▶ WHAT THE EXERCISE ASKS: Beginning with the line where "Artemide Discovery Vertical" occurs, set down each line of the records through the final one, exactly and without additions.

DATA TO USE below:

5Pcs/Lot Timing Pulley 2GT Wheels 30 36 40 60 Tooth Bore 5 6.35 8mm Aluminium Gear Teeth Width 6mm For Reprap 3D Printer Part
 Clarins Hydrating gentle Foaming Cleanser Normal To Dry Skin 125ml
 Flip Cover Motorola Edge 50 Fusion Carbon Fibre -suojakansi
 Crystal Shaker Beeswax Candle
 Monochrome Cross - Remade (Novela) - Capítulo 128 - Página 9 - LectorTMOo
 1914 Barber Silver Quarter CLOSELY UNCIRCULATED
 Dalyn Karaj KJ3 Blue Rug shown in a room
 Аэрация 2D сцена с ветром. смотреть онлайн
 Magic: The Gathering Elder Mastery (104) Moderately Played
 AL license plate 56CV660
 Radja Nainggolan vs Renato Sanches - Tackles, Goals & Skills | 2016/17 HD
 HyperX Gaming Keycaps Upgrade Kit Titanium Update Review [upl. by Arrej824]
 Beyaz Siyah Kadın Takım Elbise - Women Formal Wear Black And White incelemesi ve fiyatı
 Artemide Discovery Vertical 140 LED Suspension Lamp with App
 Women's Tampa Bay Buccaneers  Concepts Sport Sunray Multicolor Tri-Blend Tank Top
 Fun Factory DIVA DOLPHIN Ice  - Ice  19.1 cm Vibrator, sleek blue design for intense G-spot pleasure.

End of DATA TO USE.

▶ SOLUTION BELOW:
 Artemide Discovery Vertical 140 LED Suspension Lamp with App
 Women's Tampa Bay Buccaneers  Concepts Sport Sunray Multicolor Tri-Blend Tank Top
 Fun Factory DIVA DOLPHIN Ice  - Ice  19.1 cm Vibrator, sleek blue design for intense G-spot pleasure.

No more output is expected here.